Resolving False MPS Analyst API Alarms in NSX Environments

Products

VMware NSX

Issue/Introduction

This article provides a workaround for resolving false alarms related to the MPS Analyst API in NSX UI. These alarms occur due to a processing issue, despite successful connectivity and data retrieval from the Lastline Cloud API.

Symptoms:

In the NSX User Interface, the MPS Analyst API alarm is displayed as active. This occurs even though MPS successfully connects to the Lastline Cloud API.
MPS is able to fetch the most recent verdicts from Lastline Cloud. Within the sa-scheduler-services pod on the NAPP platform, two specific log entries are noted.

{"log":"2023-11-01T15:45:36.772141862Z stdout F \u001b[37m2023-11-01T15:45:36,771\u001b[m \u001b[32mINFO  \u001b[m[\u001b[1;34mscheduling-1\u001b[m] \u001b[1;33mc.v.n.s.a.s.AnalystSyncService\u001b[m: SECURITY [nsx@6876 comp=\"nsx-manager\" level=\"INFO\" subcomp=\"manager\"] Fetched 16387  from LastLine Cloud"
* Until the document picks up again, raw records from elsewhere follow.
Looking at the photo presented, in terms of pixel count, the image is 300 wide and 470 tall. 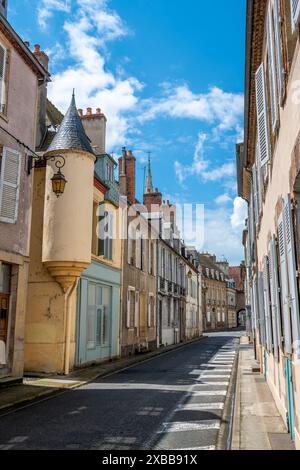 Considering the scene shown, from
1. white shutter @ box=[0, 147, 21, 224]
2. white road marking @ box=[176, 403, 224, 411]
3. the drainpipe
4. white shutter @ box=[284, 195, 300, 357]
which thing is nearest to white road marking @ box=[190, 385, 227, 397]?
white road marking @ box=[176, 403, 224, 411]

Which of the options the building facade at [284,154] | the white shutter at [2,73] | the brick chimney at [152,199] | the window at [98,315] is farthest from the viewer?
the brick chimney at [152,199]

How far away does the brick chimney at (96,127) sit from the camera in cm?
1870

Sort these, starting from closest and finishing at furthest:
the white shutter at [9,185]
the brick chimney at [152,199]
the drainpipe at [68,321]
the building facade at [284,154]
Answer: the building facade at [284,154] → the white shutter at [9,185] → the drainpipe at [68,321] → the brick chimney at [152,199]

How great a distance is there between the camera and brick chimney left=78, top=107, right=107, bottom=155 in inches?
736

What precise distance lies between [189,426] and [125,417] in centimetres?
121

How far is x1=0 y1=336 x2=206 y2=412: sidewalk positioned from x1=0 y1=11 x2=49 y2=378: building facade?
2.19 ft

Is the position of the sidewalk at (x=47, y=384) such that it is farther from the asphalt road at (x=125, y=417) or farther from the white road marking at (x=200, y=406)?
the white road marking at (x=200, y=406)

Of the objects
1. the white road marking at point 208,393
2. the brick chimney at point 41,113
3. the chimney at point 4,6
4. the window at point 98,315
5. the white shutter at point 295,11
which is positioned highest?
the chimney at point 4,6

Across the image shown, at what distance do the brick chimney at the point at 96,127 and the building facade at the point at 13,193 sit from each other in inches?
254

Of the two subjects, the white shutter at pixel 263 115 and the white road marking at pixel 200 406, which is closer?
the white shutter at pixel 263 115

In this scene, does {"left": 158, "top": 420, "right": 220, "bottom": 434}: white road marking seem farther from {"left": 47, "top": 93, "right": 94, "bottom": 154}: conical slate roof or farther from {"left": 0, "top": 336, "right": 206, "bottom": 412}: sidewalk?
{"left": 47, "top": 93, "right": 94, "bottom": 154}: conical slate roof

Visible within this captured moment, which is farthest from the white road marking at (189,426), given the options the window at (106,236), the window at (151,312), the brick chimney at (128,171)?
the window at (151,312)

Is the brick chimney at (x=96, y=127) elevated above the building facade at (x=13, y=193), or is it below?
above

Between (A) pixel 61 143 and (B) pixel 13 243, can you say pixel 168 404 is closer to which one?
(B) pixel 13 243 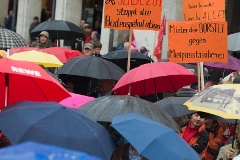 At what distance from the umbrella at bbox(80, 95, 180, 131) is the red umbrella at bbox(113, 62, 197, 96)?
6.71 feet

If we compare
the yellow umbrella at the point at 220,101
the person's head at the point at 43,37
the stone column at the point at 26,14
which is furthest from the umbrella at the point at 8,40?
the stone column at the point at 26,14

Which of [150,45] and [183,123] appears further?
[150,45]

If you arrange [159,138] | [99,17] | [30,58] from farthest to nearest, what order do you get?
[99,17] → [30,58] → [159,138]

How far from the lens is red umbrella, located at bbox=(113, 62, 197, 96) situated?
9148 mm

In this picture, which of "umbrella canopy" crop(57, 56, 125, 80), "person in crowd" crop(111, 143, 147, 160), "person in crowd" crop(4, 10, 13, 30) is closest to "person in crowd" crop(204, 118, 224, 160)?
"umbrella canopy" crop(57, 56, 125, 80)

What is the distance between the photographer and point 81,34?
18.1 metres

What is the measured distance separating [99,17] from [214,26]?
60.4ft

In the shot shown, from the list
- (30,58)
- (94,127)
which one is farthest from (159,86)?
(94,127)

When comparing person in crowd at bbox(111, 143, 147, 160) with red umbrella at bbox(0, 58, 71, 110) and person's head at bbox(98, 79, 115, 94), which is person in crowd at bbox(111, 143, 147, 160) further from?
person's head at bbox(98, 79, 115, 94)

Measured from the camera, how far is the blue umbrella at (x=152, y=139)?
5414 millimetres

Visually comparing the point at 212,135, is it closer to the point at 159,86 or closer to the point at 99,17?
the point at 159,86

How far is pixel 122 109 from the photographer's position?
6.76 meters

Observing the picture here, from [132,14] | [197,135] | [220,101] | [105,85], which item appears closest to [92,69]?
[105,85]

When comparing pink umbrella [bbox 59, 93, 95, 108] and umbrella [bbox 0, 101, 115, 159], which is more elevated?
umbrella [bbox 0, 101, 115, 159] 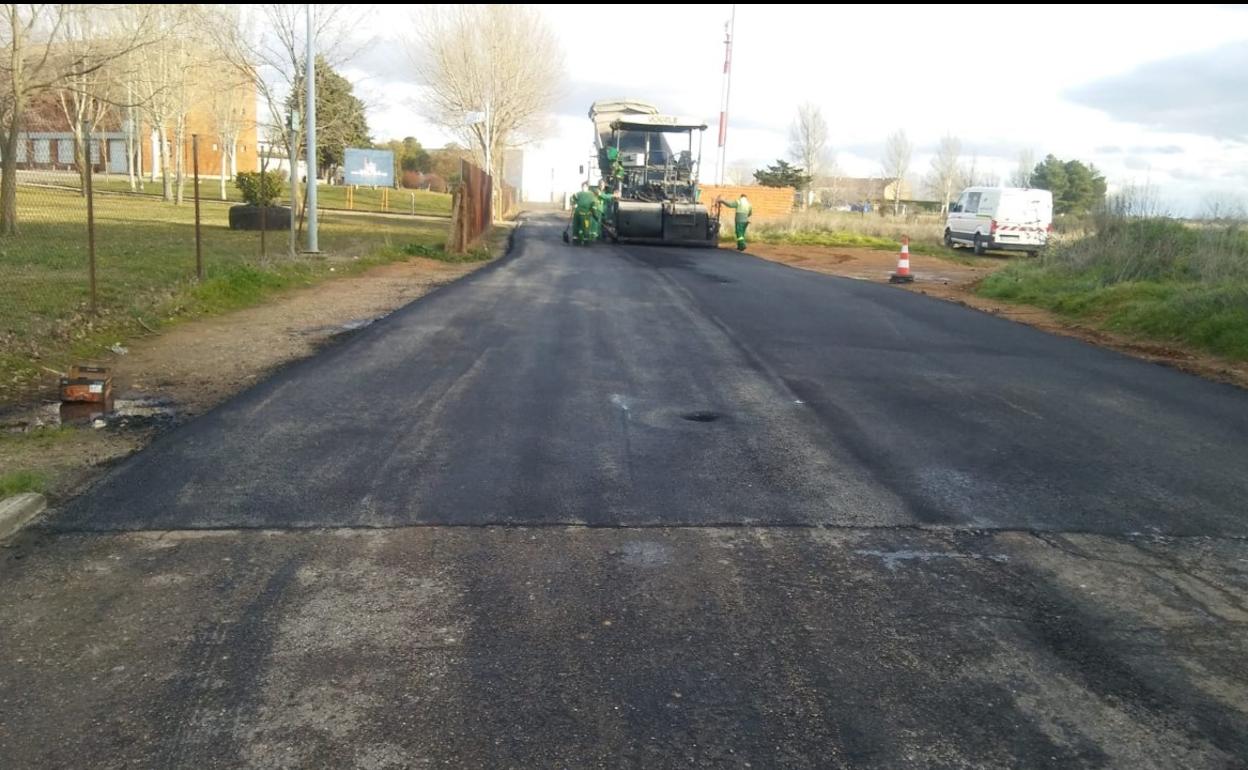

{"log":"2023-11-01T03:37:08.883551951Z stdout F \u001b[37m2023-11-01T03:37:08,883\u001b[m \u001b[1;31mERROR \u001b[m[\u001b[1;34mscheduling-1\u001b[m] \u001b[1;33mc.v.n.s.a.s.AnalystSyncDataScraper\u001b[m: SECURITY [nsx@6876 comp=\"nsx-manager\" errorCode=\"MP102251\" level=\"ERROR\" subcomp=\"manager\"] Exception occurred in AnalystSync Service, exception details : null","kubernetes":{"pod_name":"sa-scheduler-services-6abcdxyyz5-6abcd","namespace_name":"nsxi-platform","pod_id":"<UUID>","host":"napp-cluster-default-workers-abcdz-dabcd-labcl","container_name":"sa-scheduler-services","docker_id":<UUID>","container_hash":"projects.registry.vmware.com/nsx_application_platform/clustering/sa-scheduler-services@sha256:XXXXXXXXXXYYYYYYYYYYZZZZZZZZZZ","container_image":"sha256:AAAAABBBBBBBBCCCCCCC"}}

These logs confirm the successful data retrieval by MPS from Lastline Cloud. However, an exception is identified during the processing of this data.
Affected versions: 4.x

Environment

VMware NSX-T Data Center

Cause

The trigger for the analyst API alarm in the backend is twofold: it encompasses not only the connection to the Lastline Cloud Analyst API service but also the processing and forwarding of results to ASDS and NDR components. Ideally, the alarm's scope should be limited to the connectivity aspect with the Lastline Cloud

Resolution

Fix to be provided in the future releases.

Workaround:
Remove the rescoring sync time field from the Postgres database on the NAPP platform to reset it to the most recent time. This action ensures the problematic event is bypassed in the backend. The sa-scheduler-service processes events at 5-minute intervals. Following the deletion of the sync time, the alarm should automatically resolve within the next 5 minutes, provided new events are processed successfully.
Steps:
1. Access Postgres Database
From NSX manager CLI, execute:

napp-k exec -it postgresql-ha-postgresql-0 -- /bin/bash

Fetch the Postgres password:

echo $POSTGRES_PASSWORD

Launch psql CLI and enter password:

psql -U postgres -h localhost

2. On psql CLI, connect to the relevant database:

"\c malwareprevention"

3. Execute the deletion command:

DELETE FROM sa_configurations WHERE key = 'rescoring-sync-time';

This action resets the rescoring sync time and skips the problematic event.

Events are processed by the sa-scheduler-service every 5 minutes. The alarm should resolve automatically after successful processing of new events following the deletion.

Note: This workaround is a temporary solution. Monitor the system for any anomalies post-implementation and await the official fix in the forthcoming release.